Task inputs Block Start
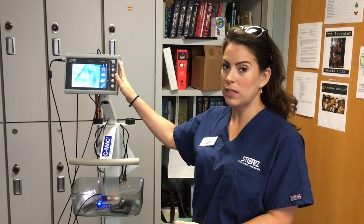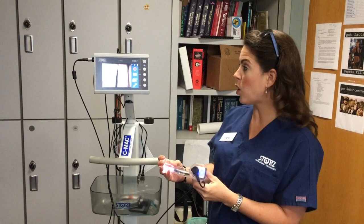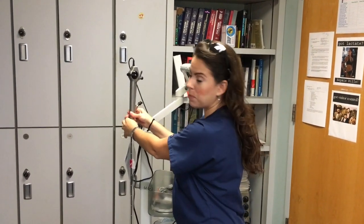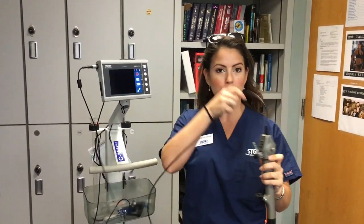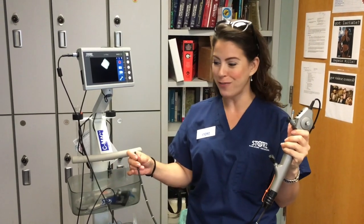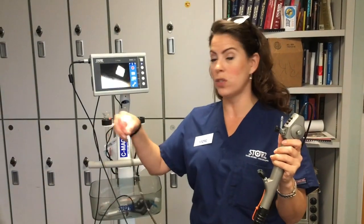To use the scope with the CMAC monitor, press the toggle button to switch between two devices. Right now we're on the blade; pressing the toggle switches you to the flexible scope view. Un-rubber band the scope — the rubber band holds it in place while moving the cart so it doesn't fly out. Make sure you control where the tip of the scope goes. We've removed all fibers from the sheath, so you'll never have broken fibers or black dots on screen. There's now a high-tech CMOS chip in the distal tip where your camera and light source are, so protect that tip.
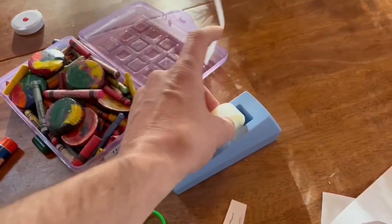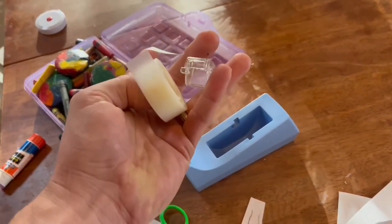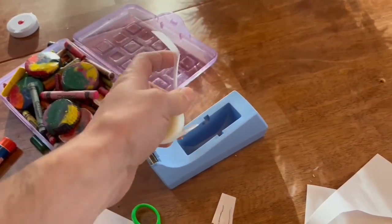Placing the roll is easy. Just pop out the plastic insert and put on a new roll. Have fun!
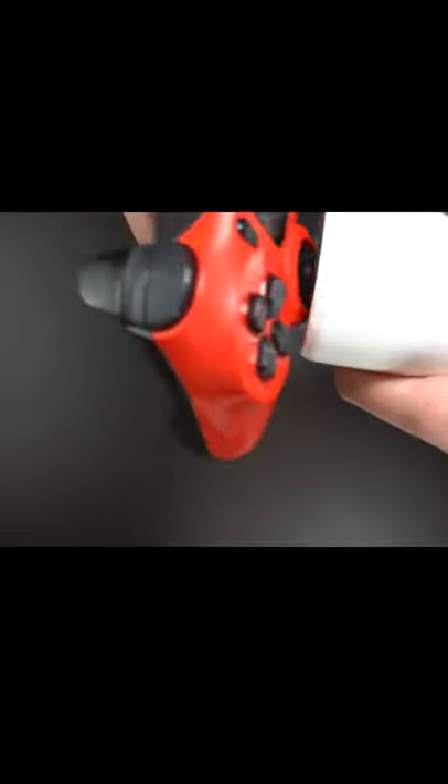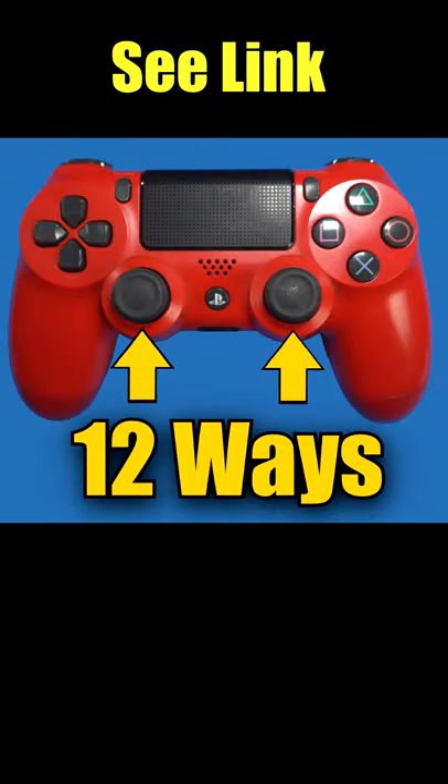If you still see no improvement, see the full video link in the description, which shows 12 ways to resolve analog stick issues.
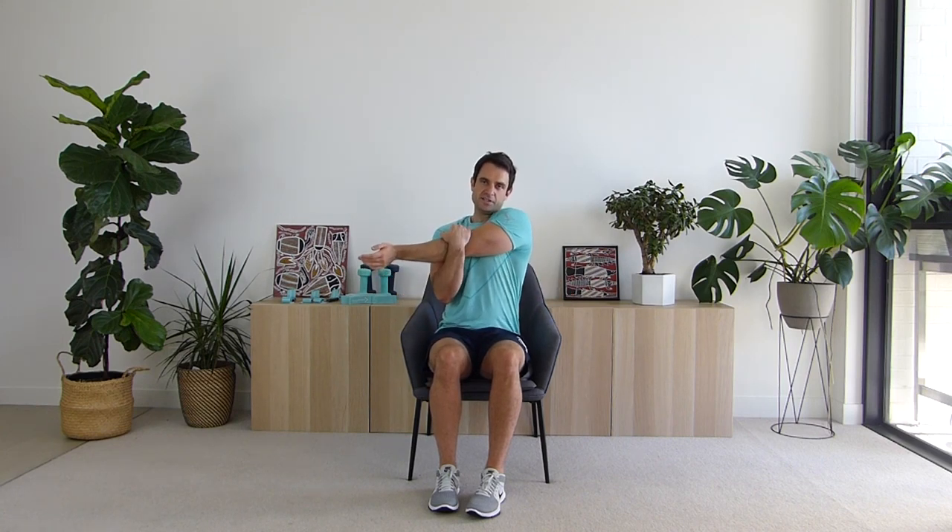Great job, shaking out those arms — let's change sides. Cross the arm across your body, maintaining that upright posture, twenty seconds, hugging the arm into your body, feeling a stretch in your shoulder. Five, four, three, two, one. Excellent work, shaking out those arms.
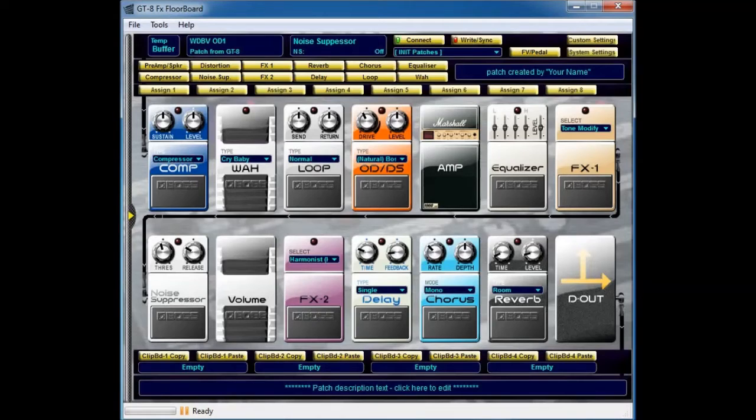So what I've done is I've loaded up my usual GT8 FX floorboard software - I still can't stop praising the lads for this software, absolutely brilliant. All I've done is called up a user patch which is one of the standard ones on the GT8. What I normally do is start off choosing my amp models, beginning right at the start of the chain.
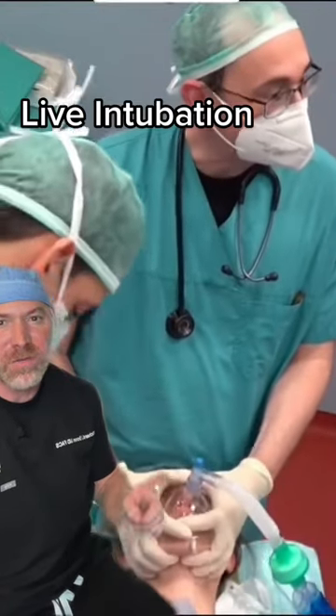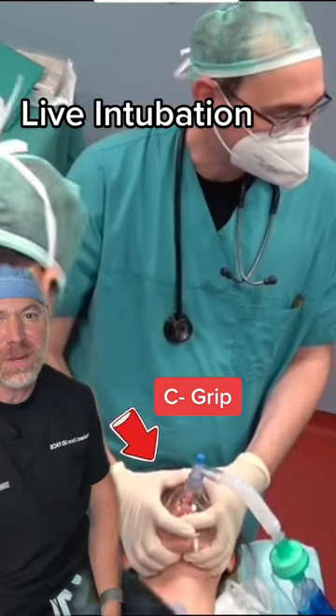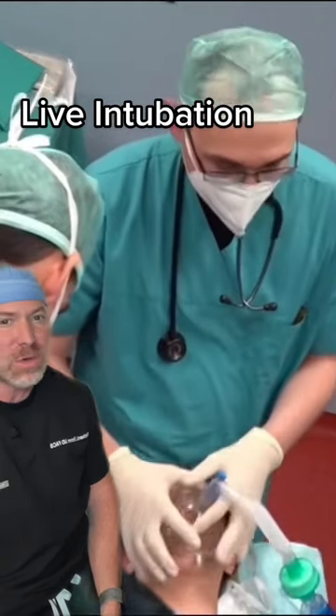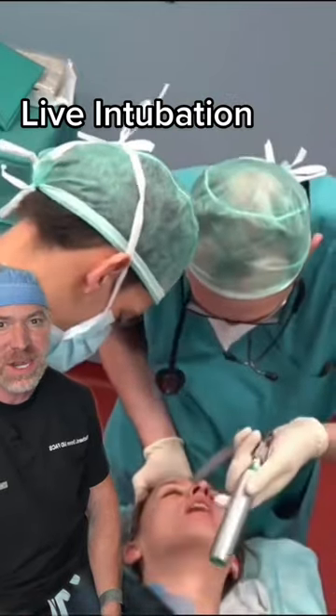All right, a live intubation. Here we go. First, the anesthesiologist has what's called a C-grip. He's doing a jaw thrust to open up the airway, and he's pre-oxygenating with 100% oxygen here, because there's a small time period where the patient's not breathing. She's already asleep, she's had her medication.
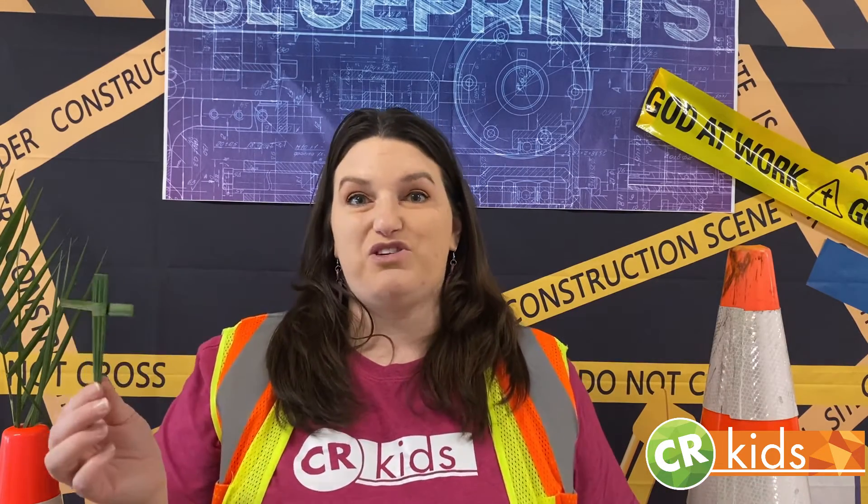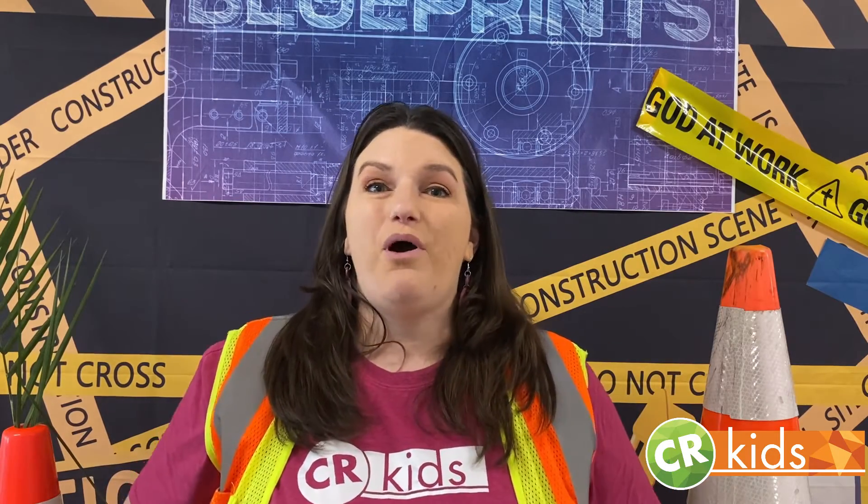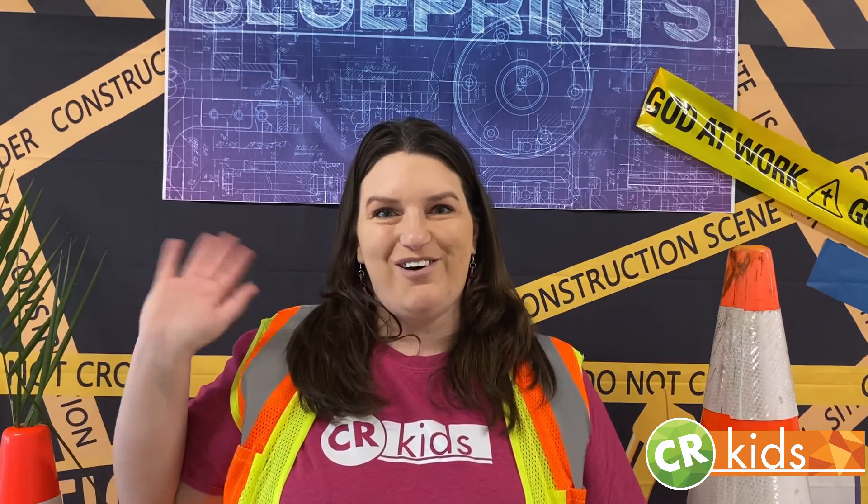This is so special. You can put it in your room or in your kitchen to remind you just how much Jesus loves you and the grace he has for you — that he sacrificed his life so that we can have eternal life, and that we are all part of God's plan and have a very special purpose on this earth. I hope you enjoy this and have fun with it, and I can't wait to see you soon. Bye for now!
Task inputs Block End
* [Task brief] The whole listing above, word for word: repeat it with the pictures excluded.

* [Exercise output]
To use the scope with the CMAC monitor, press the toggle button to switch between two devices. Right now we're on the blade; pressing the toggle switches you to the flexible scope view. Un-rubber band the scope — the rubber band holds it in place while moving the cart so it doesn't fly out. Make sure you control where the tip of the scope goes. We've removed all fibers from the sheath, so you'll never have broken fibers or black dots on screen. There's now a high-tech CMOS chip in the distal tip where your camera and light source are, so protect that tip.
Placing the roll is easy. Just pop out the plastic insert and put on a new roll. Have fun!
If you still see no improvement, see the full video link in the description, which shows 12 ways to resolve analog stick issues.
Great job, shaking out those arms — let's change sides. Cross the arm across your body, maintaining that upright posture, twenty seconds, hugging the arm into your body, feeling a stretch in your shoulder. Five, four, three, two, one. Excellent work, shaking out those arms.
So what I've done is I've loaded up my usual GT8 FX floorboard software - I still can't stop praising the lads for this software, absolutely brilliant. All I've done is called up a user patch which is one of the standard ones on the GT8. What I normally do is start off choosing my amp models, beginning right at the start of the chain.
All right, a live intubation. Here we go. First, the anesthesiologist has what's called a C-grip. He's doing a jaw thrust to open up the airway, and he's pre-oxygenating with 100% oxygen here, because there's a small time period where the patient's not breathing. She's already asleep, she's had her medication.
This is so special. You can put it in your room or in your kitchen to remind you just how much Jesus loves you and the grace he has for you — that he sacrificed his life so that we can have eternal life, and that we are all part of God's plan and have a very special purpose on this earth. I hope you enjoy this and have fun with it, and I can't wait to see you soon. Bye for now!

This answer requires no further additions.